Bill O’Reilly’s Flying Circus

Four years ago, I was a guest on the “O’Reilly Factor,” part of a panel discussion on the income gap. It was a wonderfully surreal moment that, alas, I have yet to repeat. I just stumbled upon a transcript of the show. Below is a pretty funny bit that I believe is short enough that I can legally quote it.

Missing here is O’Reilly’s assertion that Cornell University is a socialist plot, “Parade” editor and DNC Treasurer Andrew Tobias inviting me to join the Democratic party, and, finally, Mr. O’Reilly brusquely ending the segment and announcing that Mel Gibson would be next after the commercials.

O’REILLY: OK, but here’s the deal. And you ought to know this, too, Shaun, is that for many years, I didn’t make any money. OK? And I lived in my younger time in a very frugal environment. OK? So I don’t believe that the government has the right, now that I’m successful, due to hard work and some luck, to come into my house and take my money and give it to other people, and they don’t even know what these people are going to do with it. That’s wrong, morally wrong.

RICHMAN: Are you living in poverty as a result of this 50 percent [tax rate]?

O’REILLY: Am I living in poverty? No, but what right do you or anybody else have, even in France, to take other peoples’ money and give it to somebody you don’t know? What right do you have, morally?

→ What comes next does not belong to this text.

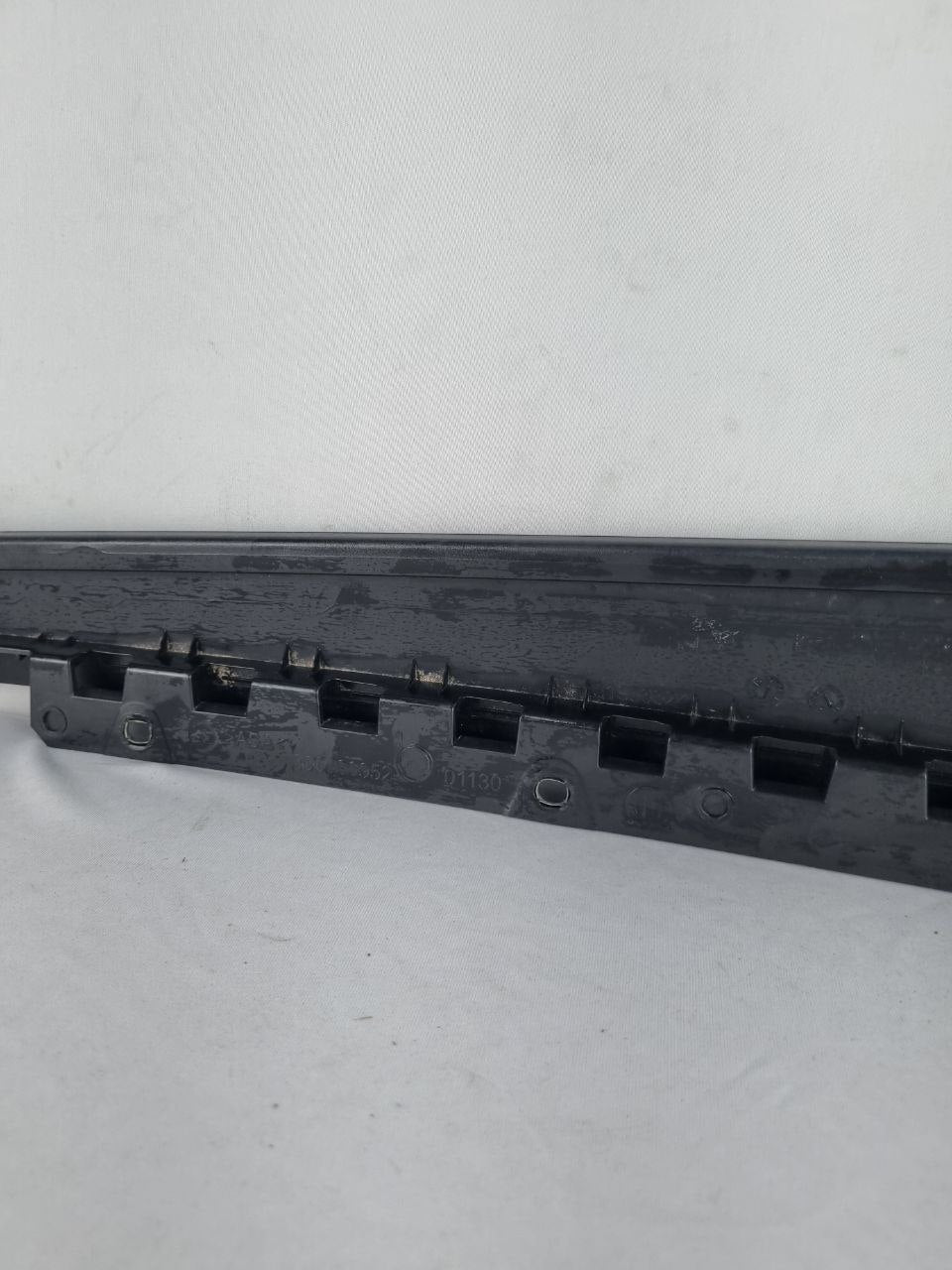 Moldura Coluna B Porta Tras Dir Jeep Renegade 2016/2024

RICHMAN: It’s a basic system of fairness. Now when you weren’t making that money…

O’REILLY: Yes.

RICHMAN: When you were living in dire straits, wouldn’t it have been nicer to have a system where…

O’REILLY: No, I wouldn’t have taken a dime.

RICHMAN: You wouldn’t have taken a dime?

O’REILLY: No. Absolutely not.

RICHMAN: You would have died of tuberculosis?

O’REILLY: That’s right. And I wouldn’t have kids unless I could support them. That’s right, because I don’t believe in taking other peoples’ stuff and giving it to me. I won’t even take Social Security when I’m older. I’ll give it back or I’ll give it to charity. You see? That’s where you guys are wrong. You’re taking stuff, you’re making value judgments. You’re giving it to other people and you don’t know what those other people are going to do. That’s wrong. Am I wrong?

Why did they never invite me back?

Newsflash

This just in. After analyzing subpoenaed Google search records, the Departments of Justice and Homeland Security announced that they foiled a new 9/11 Al Quaeda plot involving “blonde hair big tits.”

I hope that all you refuseniks and ACLU’ers out there stop and think about what kind of busty, peroxide doomsday your interference might have caused. Have more faith in your government. You’re not even using those civil liberties, anyway.

“…But they don’t mind throwing a brick…”

It’s touching that there are still people in this world who care enough to riot. I first heard about France’s proposed “first job contract” law from some of the French scientists with whom I am working. They’re absolutely pissed off.

The law would allow employers to hire first-time workers under the age of 26, and, for the first two years of this job, have no obligation to provide benefits and can fire the employee at any time for any reason. American workers have a similar status when they are hired for the first job, and for their second, third, fourth and tenth up until the day they die. Unless they have a union contract, that is.

Where is our outrage?

McLaughlin is Presumed Innocent

In a very troubling development, FBI agents raided the offices of the New York Central Labor Council and the district office of Assemblyman Brian McLaughlin, the President of the CLC. McLaughlin has been President of the CLC for two decades, the third of three representatives of IBEW Local 3 who have headed the Council for the entirety of its 51 year history. His files were seized in connection to an investigation of a contractor, Petrocelli Electric, that did business with the city.

While McLaughlin’s tenure as President of the city-wide coalition of trade unions is open to criticism (McLaughlin is a skilled politician who has strived for unity in the labor movement; that unity has often been achieved through a lowest common denominator agenda that has precluded bold leadership stands), I have never heard any of his critics accuse him of corruption. To date, there have been no charges or allegations against McLaughlin or the CLC. The raid does have the unmistakable whiff of a politically motivated hatchet job. We should keep a critical eye on situations, as they develop.